In the proposed approach, we invert for G c and G s separately using the misfit function defined in Eq. (12). We can also invert for G c and G s simultaneously by defining a new misfit function Φ = Φ c + Φ s. With this new misfit function, we have investigated the inversion results and the model standard errors from the NA using synthetic data. Our results show that some of the model parameters are not well estimated from the NA and have larger uncertainties compared to the separated inversion scheme. This is probably because the number of model parameters has been doubled in the simultaneous inversion approach, therefore introducing more trade-offs between different parameters. So it is more reliable to invert for G c and G s separately.

Surface waves can provide better depth-dependent azimuthal anisotropy (Yao et al. 2010; Lin and Ritzwoller 2011) than shear wave splitting measurements in the crust and upper mantle (Savage 1999; Wang et al. 2008). Therefore, it may provide more reliable constraints on crust and upper mantle deformation patterns by examining radial variations of azimuthal anisotropy. Modeling of receiver functions can give constraints on layered anisotropy in the crust (e.g., Ozacar and Zandt 2004; Levin et al. 2008) although this approach is still very challenging in real practice. The Moho converted Pms phase splitting analysis from receiver functions can also provide constraints on average crustal azimuthal anisotropy, for instance, in SE Tibet (Xu et al. 2006; Sun et al. 2012; Chen et al. 2013; Sun et al. 2013). However, there still exists considerable inconsistency among these results. For example, Chen et al. (2013) and Sun et al. (2013) found that the splitting time of the Pms wave is smaller than 0.3 s at most stations in SE Tibet.

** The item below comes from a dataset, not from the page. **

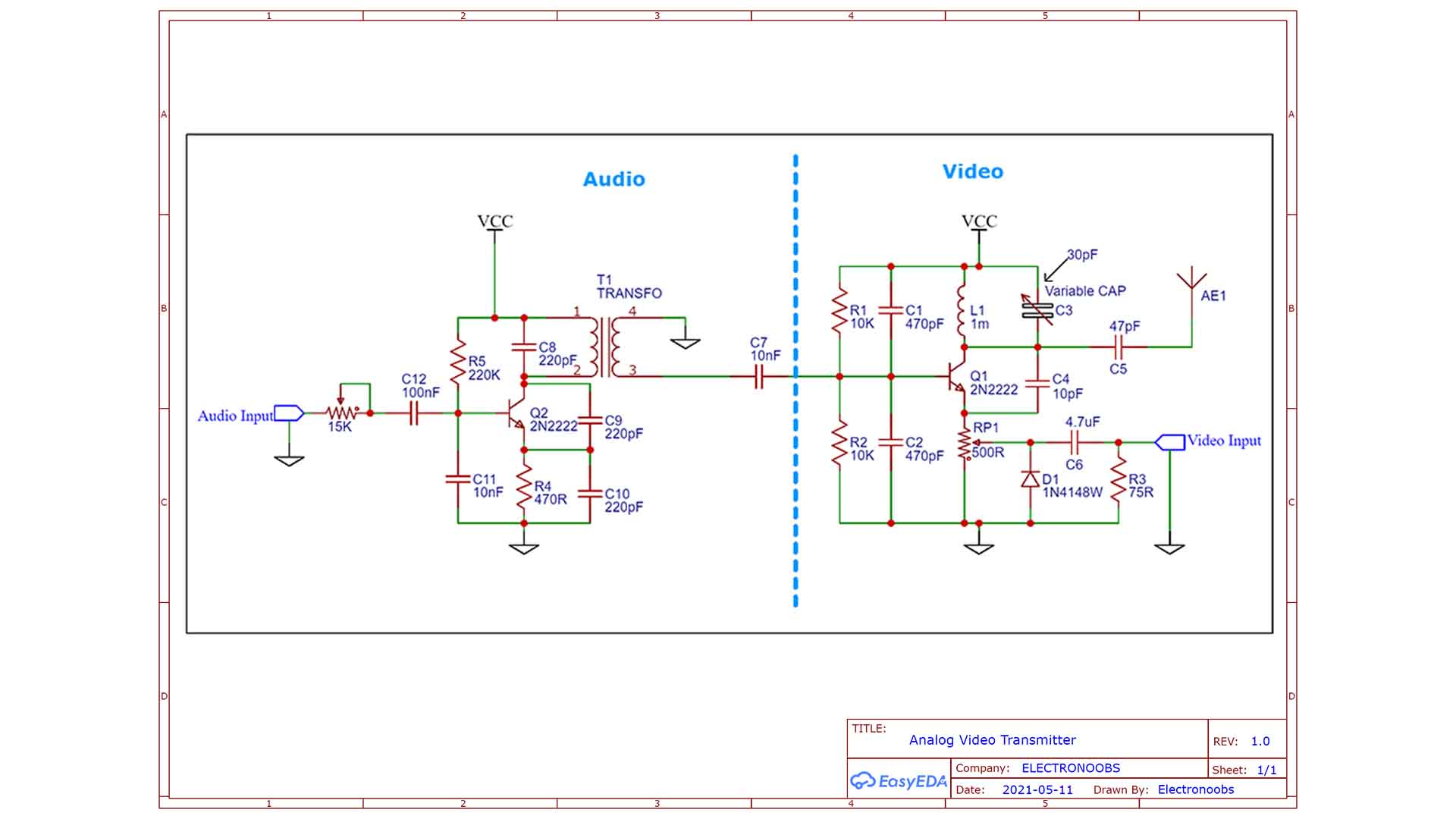 homemade analog video adn audio transmitter schematic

However, Sun et al. (2012) used a more comprehensive analysis method and found 0.5–0.9 s splitting time of the Pms wave at a few stations in regions with thick crust in SE Tibet. Therefore, results of crustal azimuthal anisotropy from receiver function analysis may still have some uncertainties due to the use of different methods and data selection criteria.

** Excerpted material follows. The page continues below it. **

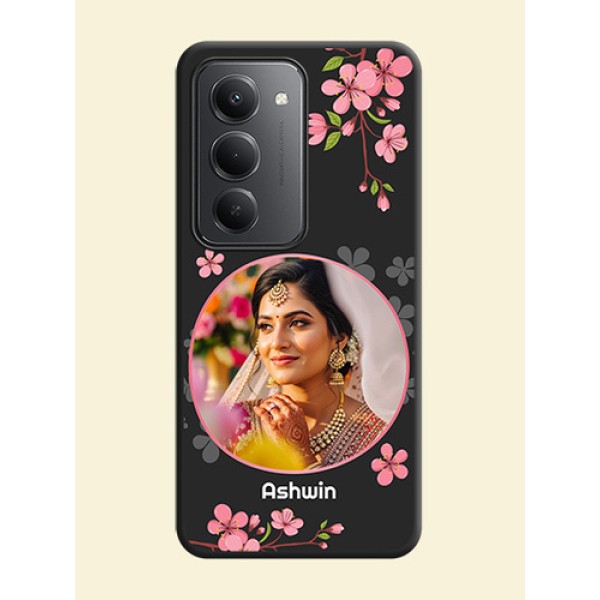 Round Image with Pink Color Floral Design on Photo On Space Black Custom Soft Matte Mobile Back Cover - Redmi 15 5G Round Image with Pink Color Floral Design on Photo On Space Black Custom Soft Matte Mobile Back Cover - Redmi 15 5G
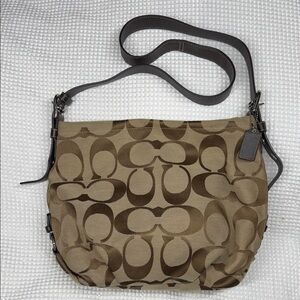 Coach Tan and Brown Crossbody Bag - F15067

Montagner et al. (2000) derives formulas to compute the shear wave splitting time and fast axes from depth-dependent G c,s and L, which provides a direct link between shear wave splitting measurements and shear wavespeed azimuthal anisotropy from surface wave data. For instance, Yao et al. (2010) computed the contribution of shear wave splitting from crustal azimuthal anisotropy obtained from surface wave data and found that the thick crust in SE Tibet may contribute almost 1 s splitting time, which is close to the observed shear wave splitting time in that region. Their results suggest that the contribution of crustal anisotropy to shear wave splitting may be significant in SE Tibet, similarly as inferred from the receiver function anisotropy analysis (Sun et al. 2012). However, shear wave splitting analysis from crustal earthquakes in this region (Shi et al. 2012; Chang et al. 2014) indicates much smaller crustal azimuthal anisotropy (splitting time about 0.01–0.03 s per 10 km). Although different methods have their uncertainties in estimation of crustal azimuthal anisotropy, it is still very puzzling that there exist large differences on the estimated splitting time from crustal anisotropy in different studies. Therefore, in the future it is very important to integrate different datasets together, for instance, anisotropic dispersion data, receiver functions, and shear wave splitting measurements, to better constrain the depth-dependent azimuthal anisotropy and deformation patterns in the crust and upper mantle in SE Tibet and other tectonically active regions in the world.